記念日の名称にある「清流」と「小川」は、どちらも水の流れを指す言葉ですが、ここでは子どもの成長を川の流れに重ねた比喩として用いられています。小学生から大学生まで、それぞれの学年を清らかな流れになぞらえ、その歩みがたとえ小さな小川であっても、たゆまず前へ進んでいく姿そのものに価値があるという考え方が根底にあります。川の流れは止まらない。その単純な事実が、努力を続けることへの静かな励ましになっています。
日付が4月に設定されているのは、日本の学校教育において入学式や新学年の始まりがこの時期に集中しているためです。義務教育の小学校・中学校から、高校・大学に至るまで、春は多くの学生にとって節目の季節にあたります。
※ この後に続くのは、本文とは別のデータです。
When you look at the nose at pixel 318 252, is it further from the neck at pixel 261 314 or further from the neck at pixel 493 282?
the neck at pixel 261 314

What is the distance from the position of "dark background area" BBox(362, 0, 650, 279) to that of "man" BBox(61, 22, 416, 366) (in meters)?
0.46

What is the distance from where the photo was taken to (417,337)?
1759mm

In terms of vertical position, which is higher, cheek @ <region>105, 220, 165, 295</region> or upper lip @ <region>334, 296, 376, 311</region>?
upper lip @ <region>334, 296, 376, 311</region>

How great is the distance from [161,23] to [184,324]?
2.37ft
この日は、そうした節目を迎えた若い世代の出発を、大人社会が温かく受け入れ、快く迎える日として位置づけられています。「大人社会が快く迎える」という表現には、世代をまたいだ受け渡しの意識が込められており、成長途上の子どもたちを社会が一方的に評価するのではなく、受け入れる側の姿勢そのものを問い直す視点が制定の趣旨に据えられています。
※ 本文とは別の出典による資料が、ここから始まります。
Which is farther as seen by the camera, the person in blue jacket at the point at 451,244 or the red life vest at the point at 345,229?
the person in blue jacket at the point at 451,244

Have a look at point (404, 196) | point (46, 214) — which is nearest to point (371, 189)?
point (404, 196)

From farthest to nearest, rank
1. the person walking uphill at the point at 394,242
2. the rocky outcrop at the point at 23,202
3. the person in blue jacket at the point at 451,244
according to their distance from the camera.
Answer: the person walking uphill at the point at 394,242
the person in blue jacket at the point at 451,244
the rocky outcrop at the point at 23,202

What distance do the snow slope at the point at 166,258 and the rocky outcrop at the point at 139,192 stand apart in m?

記念日の発案者・山中宗一氏が暮らす京都府八幡市は、淀川・木津川・宇治川の三川が合流する水郷の地です。古来より水運の要衝として栄え、石清水八幡宮をはじめとする歴史的な文化が今も息づく地域でもあります。川と人の生活が長く結びついてきたこの土地から、学びの歩みを清流に例えるという発想が生まれたことは、土地の風土と記念日の名称が自然に重なります。